[Captioned web images]

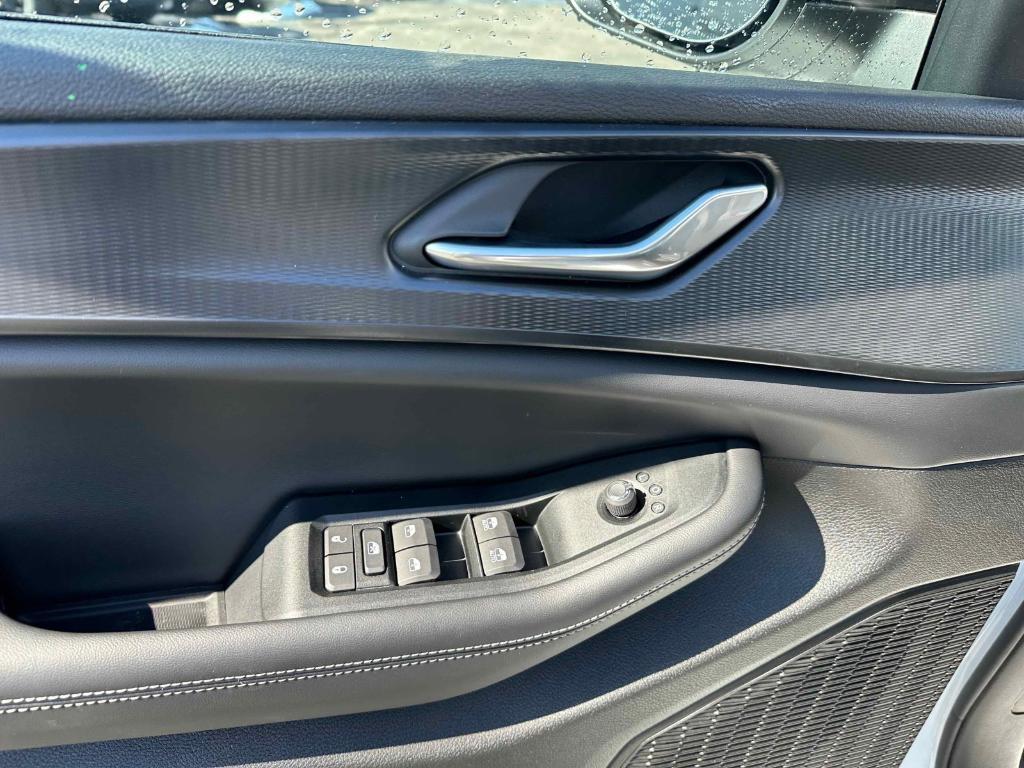new 2025 Jeep Grand Cherokee L car, priced at $43,325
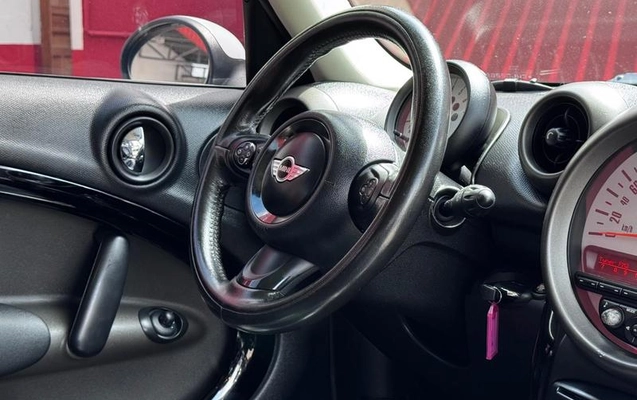 imagem-https://www.socarrao.com.br/sc-vehicle-images-prod/3794241/1789220675418-8461930_8_B_7fe2154c42.jpeg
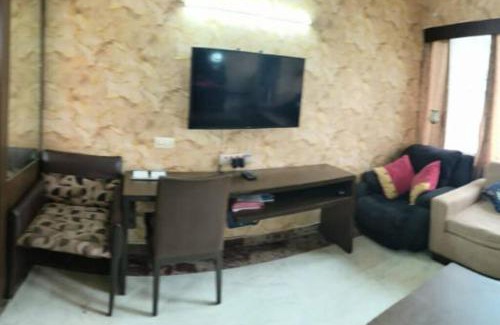 Indirapuram Apartamento | A Studio Apartment with Complete Privacy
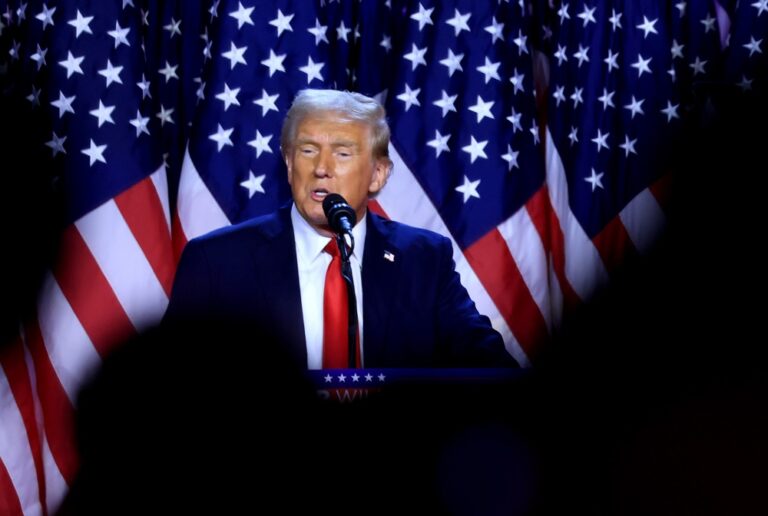trump-solicita-arquivamento-do-caso-de-stormy-daniels-alegando-indulto-de-biden-a-seu-filho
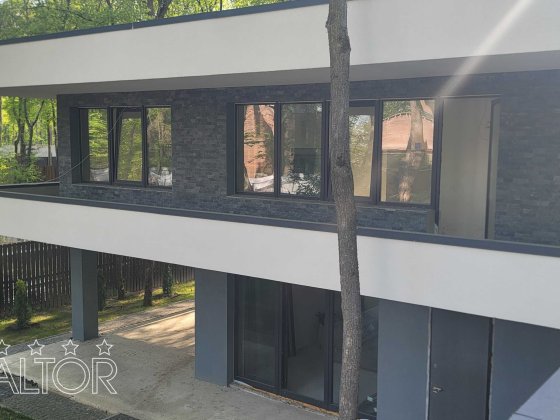 Продам сучасний будинок у селищі Форест. Лісопарк Харьков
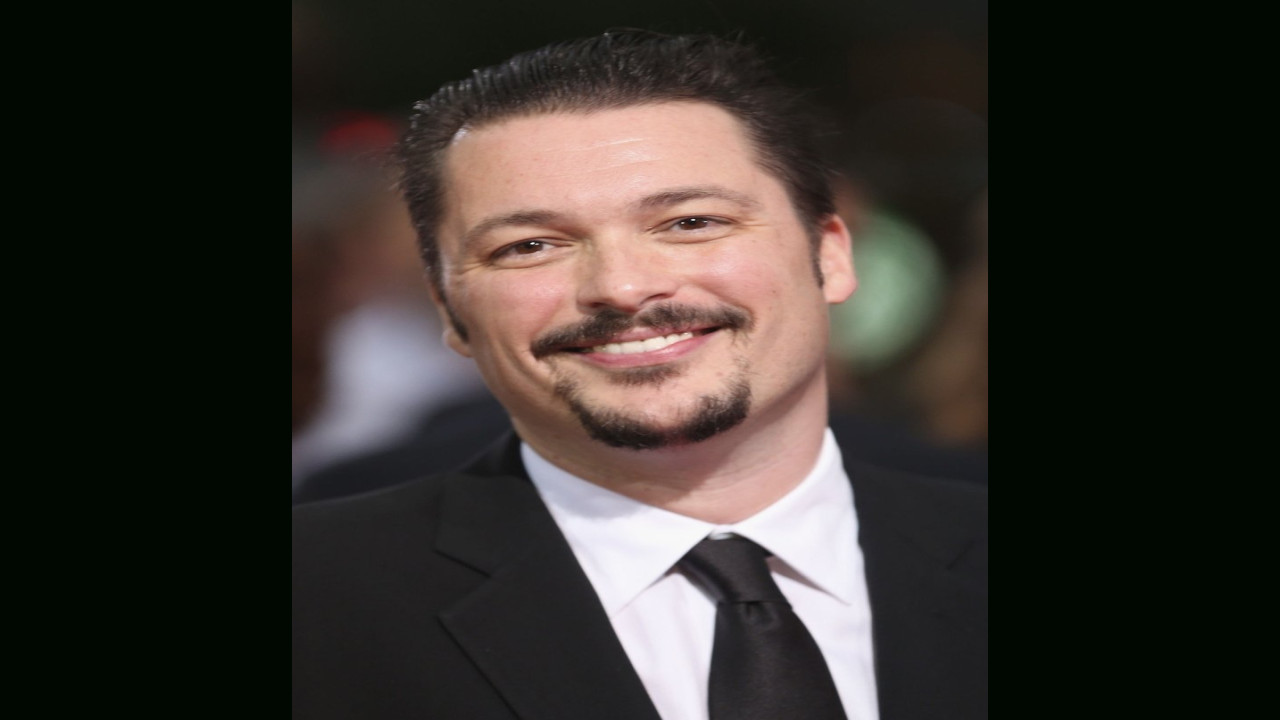 James Vanderbilt | Escritor Estadounidense de Gran Éxito por Sus Trabajos en la Gran y Pequeña Pantalla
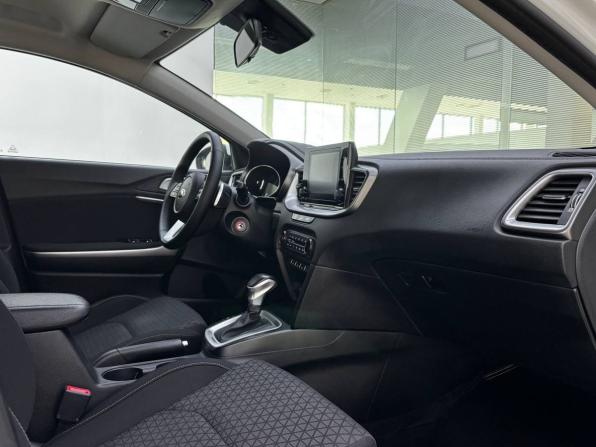 Kia Ceed III с пробегом 2020 года, цена 1 795 000 рублей, 93070 км, универсал, Автокод Объявления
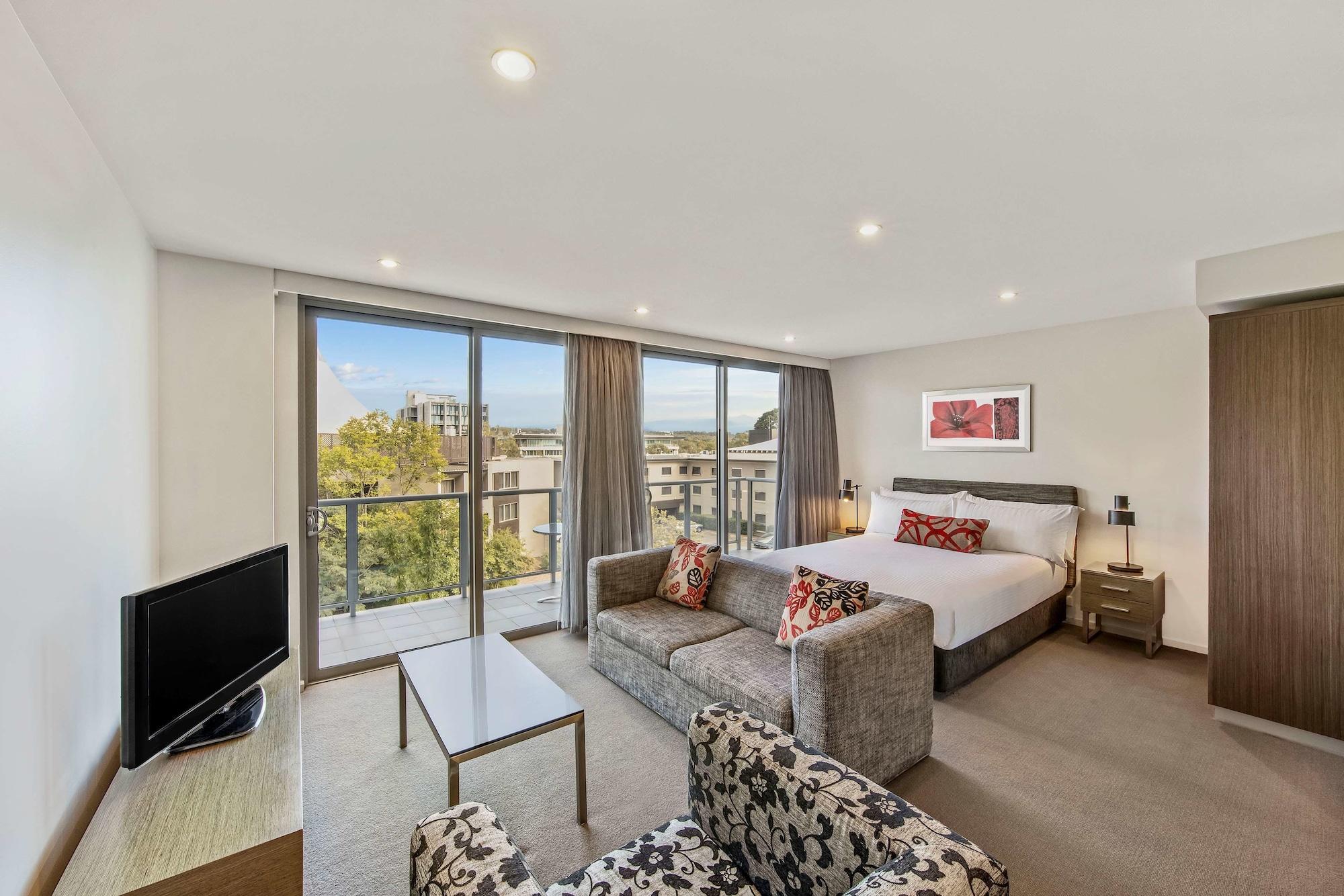 Adina Serviced Apartments Canberra Dickson Exterior foto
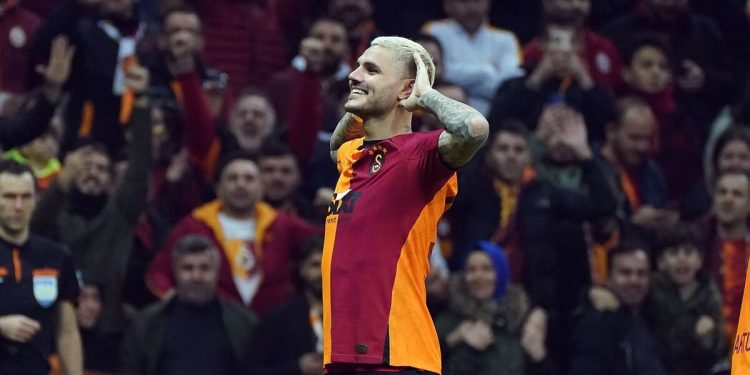 Mauro Icardi, Antalyaspor maçı sonrası İstanbul’u terk etti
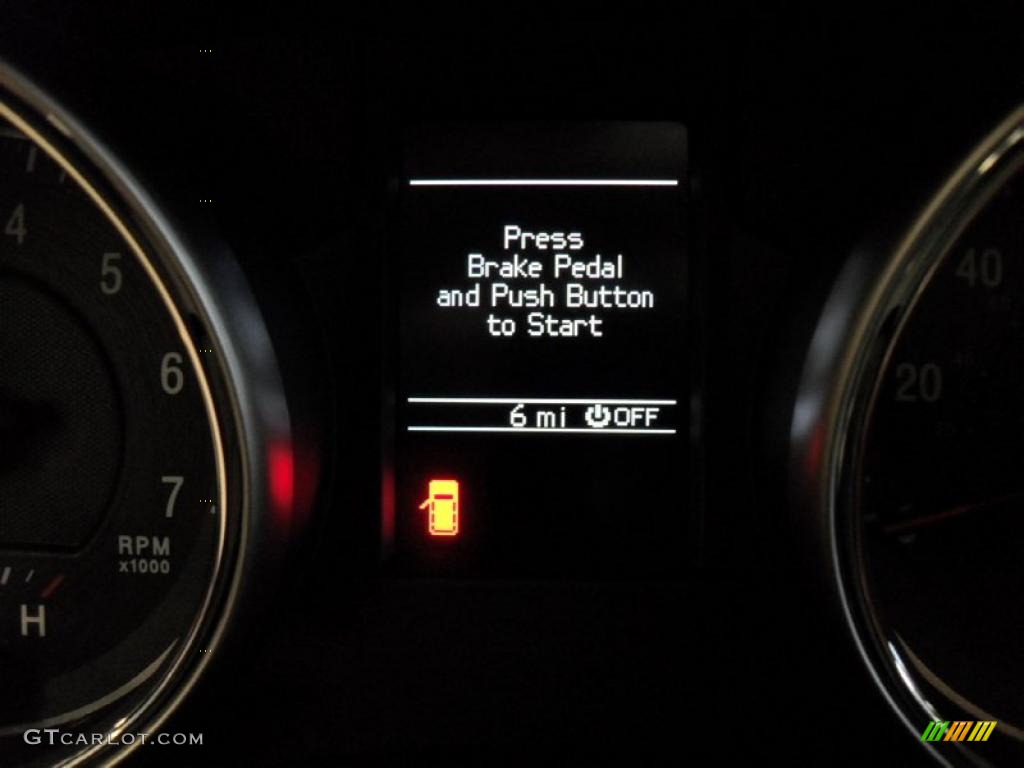 2011 Grand Cherokee Overland 4x4 - Brilliant Black Crystal Pearl / New Saddle/Black photo #14
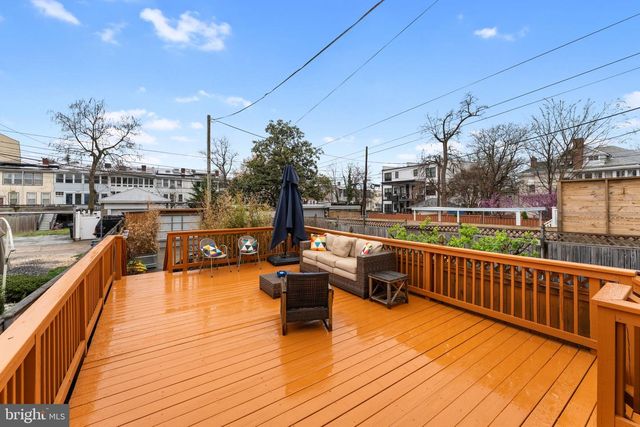 424 SHEPHERD ST NW, Washington, DC 20011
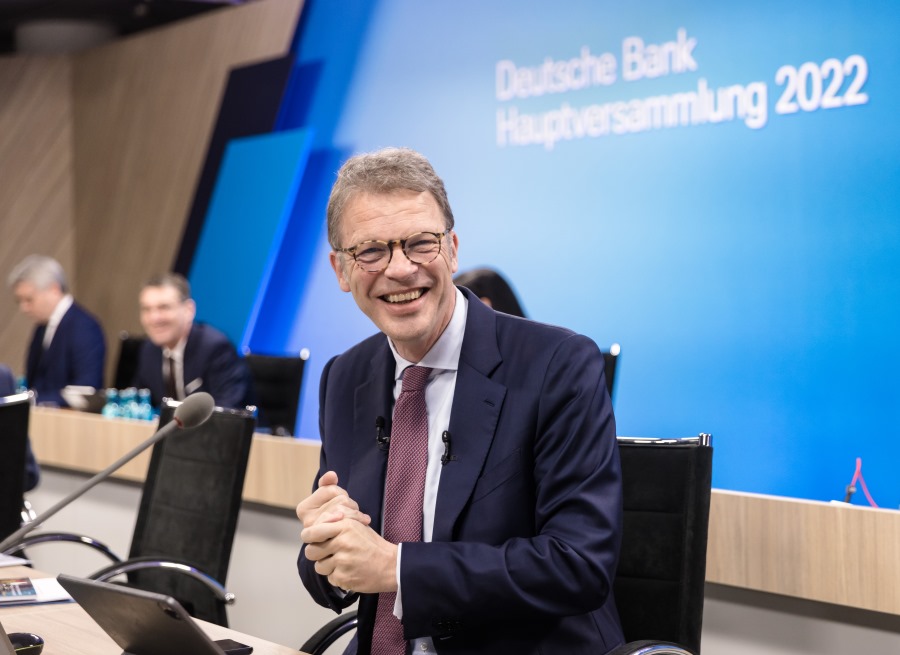 Deutsche Bank supera previsão de lucro e garante maior receita desde 2016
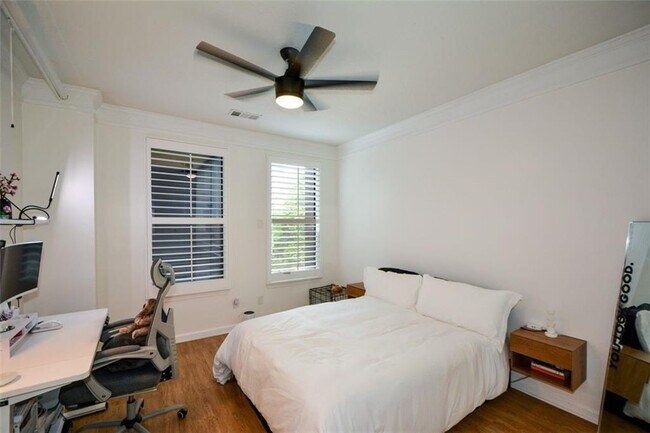 Building Photo - 400 17th St NW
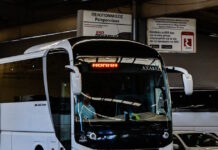 Αγρίνιο: Οδηγός ΚΤΕΛ φαίνεται να αποκοιμήθηκε και να έστειλε το λεωφορείο πάνω στις προστατευτικές μπαριέρες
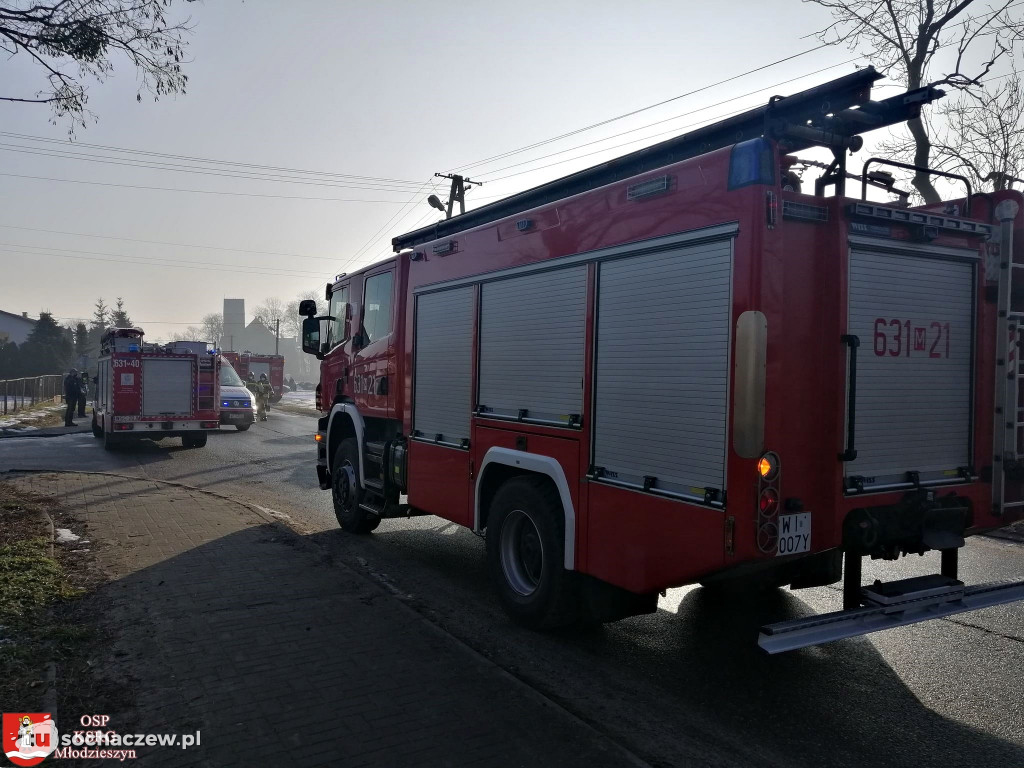 Zdarzenie drogowe w Młodzieszynie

• TASK STATEMENT: Hand back the data above exactly, with no images.

• SOLUTION TO THE PROBLEM:
new 2025 Jeep Grand Cherokee L car, priced at $43,325
 imagem-https://www.socarrao.com.br/sc-vehicle-images-prod/3794241/1789220675418-8461930_8_B_7fe2154c42.jpeg
 Indirapuram Apartamento | A Studio Apartment with Complete Privacy
trump-solicita-arquivamento-do-caso-de-stormy-daniels-alegando-indulto-de-biden-a-seu-filho
 Продам сучасний будинок у селищі Форест. Лісопарк Харьков
 James Vanderbilt | Escritor Estadounidense de Gran Éxito por Sus Trabajos en la Gran y Pequeña Pantalla
 Kia Ceed III с пробегом 2020 года, цена 1 795 000 рублей, 93070 км, универсал, Автокод Объявления
 Adina Serviced Apartments Canberra Dickson Exterior foto
 Mauro Icardi, Antalyaspor maçı sonrası İstanbul’u terk etti
 2011 Grand Cherokee Overland 4x4 - Brilliant Black Crystal Pearl / New Saddle/Black photo #14
 424 SHEPHERD ST NW, Washington, DC 20011
 Deutsche Bank supera previsão de lucro e garante maior receita desde 2016
 Building Photo - 400 17th St NW
 Αγρίνιο: Οδηγός ΚΤΕΛ φαίνεται να αποκοιμήθηκε και να έστειλε το λεωφορείο πάνω στις προστατευτικές μπαριέρες
 Zdarzenie drogowe w Młodzieszynie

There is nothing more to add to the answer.